Уползая в берлогу, как подбитый зверь, Адам время от времени бросал взгляд на замок Вивре, который четко вырисовывался под луной. В башне не светилось ни одно окно. Франсуа де Вивре даже не счел нужным присутствовать при разгроме нападавших! Франсуа де Вивре не удостоил его ни единым взглядом! Последним словом отца было презрение…

Лилит все еще не возвращалась со своей одинокой верховой прогулки. Соратники Адама перенесли его в разрушенный дом, который с начала осады служил им пристанищем, и послали за нужным человеком: у одного из разбойников банды Полыхая имелись кое-какие навыки лекаря и хирурга.

Осмотрев рану, лекарь выпрямился, бледный как полотно.

— Плохо, монсеньор, все очень плохо! Нужно оперировать… То есть, вы понимаете, к сожалению…

Он заколебался, не решаясь произнести это слово, но затем все-таки прошептал:

— Придется вас оскопить…

Адам сжал зубы.

— Тогда сделайте это прямо сейчас. Сделайте это, пока она не вернулась. Я не хочу, чтобы она видела.

Не вымолвив больше ни слова, лекарь пошел за большим ножом и велел развести огонь, куда на несколько секунд погрузил инструмент. Затем приблизился к своему господину.

Адам надеялся, что потеряет сознание, но нет: он чувствовал все. К тому моменту, когда Лилит вернулась, операция уже закончилась, — это стало его единственным утешением.

Она узнала о приступе, однако ей не решились рассказать о ране супруга. Лилит была вне себя от гнева.

— Ты пошел на приступ в полнолуние, а ведь я — хозяйка Черной Луны! Это было безумием! Могло случиться самое худшее!

— Самое худшее со мной уже случилось…

Гнев Лилит мгновенно угас. Адам открыл ей ужасную реальность, и впервые ему довелось увидеть, как она плачет.

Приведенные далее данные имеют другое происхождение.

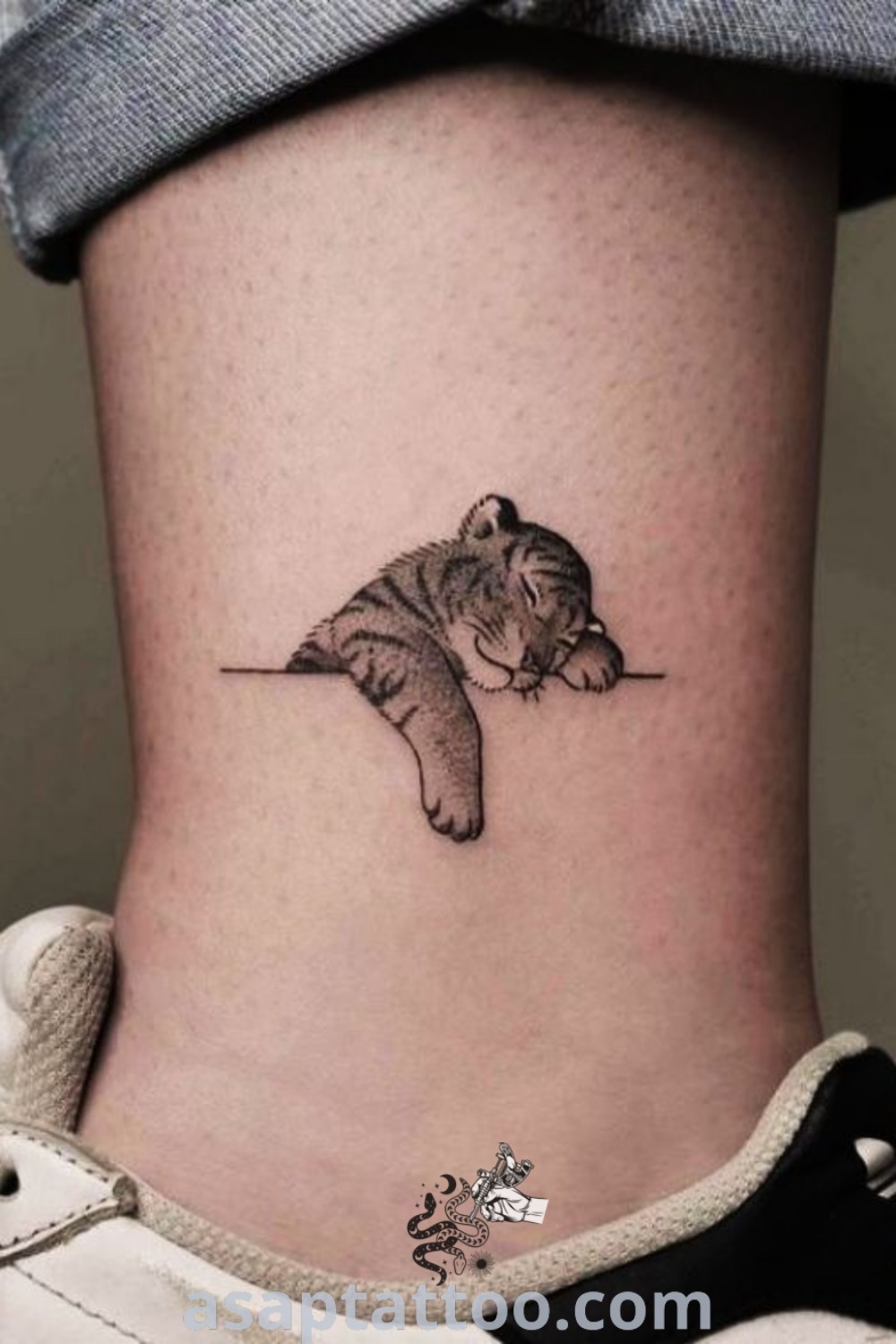 Small cat tattoo on the side of a woman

Но слезы ее мгновенно высохли, когда она увидела, что в комнату входит человек, которого она посылала за новостями в замок Сомбреном. Посланец был бледен как смерть. Лилит устремилась к нему.

— Говори!

— Увы, госпожа…

Лилит испустила чудовищный крик. Так мог бы визжать дикий зверь или сам дьявол, ибо только в преисподней рождаются подобные звуки.

Дрожа, посланец принялся рассказывать:

— Ваш сын умер прямо перед моим приездом. Внезапная лихорадка унесла его за несколько часов. Олимпа и Мышонок обезумели от горя. Весь замок сотрясался от слез великанши. В этом несчастье есть лишь одно утешение: ребенку успели дать последнее причастие…

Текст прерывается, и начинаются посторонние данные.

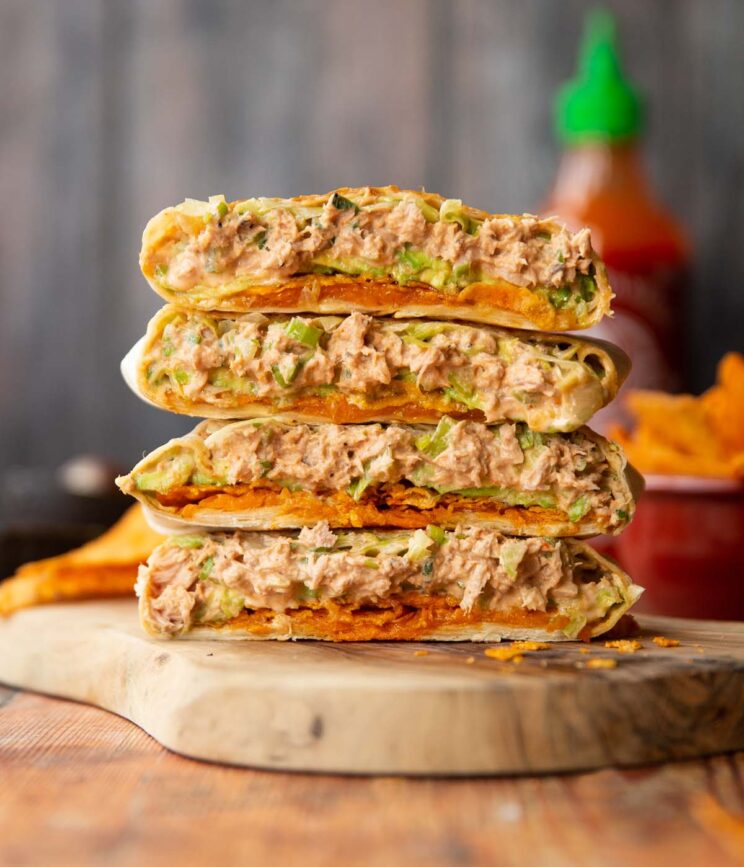 4 crunchwrap halves stacked on each other on wooden board showing filling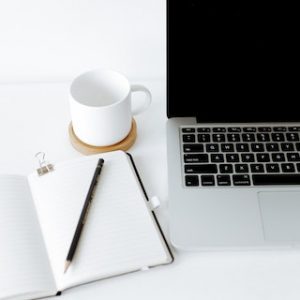 ordinateur-tasse-a-cafe-blanche-cahier-crayon-noir-sur-fond-blanc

Лилит принялась рычать и призывать Полыхая. Когда начальник стражи Сомбренома появился перед ней, Лилит указала ему на посланца:

— Убей его!

Тот попятился, пытаясь бежать. Демоница преградила ему путь.

— Ты сообщил мне о смерти сына, ты должен умереть!

Лилит была ужасна. Никто не посмел бы встать у нее на пути, и доводы рассудка были ей недоступны. Насмерть перепуганный Полыхай покорно пронзил мечом тело своего солдата. Лилит указала ему на дверь.

— Убирайся!

Он тотчас исчез…

Все это время Адам лежал, словно окаменев. Его разум отказывался воспринимать случившееся. Чуть позже он сможет осознать все… но только не теперь.

Он увидел, как Лилит взяла в руки булаву, которая валялась рядом с телом посланника.

— А теперь умрешь и ты.

Она больше не кричала. Она говорила спокойным, бесцветным голосом.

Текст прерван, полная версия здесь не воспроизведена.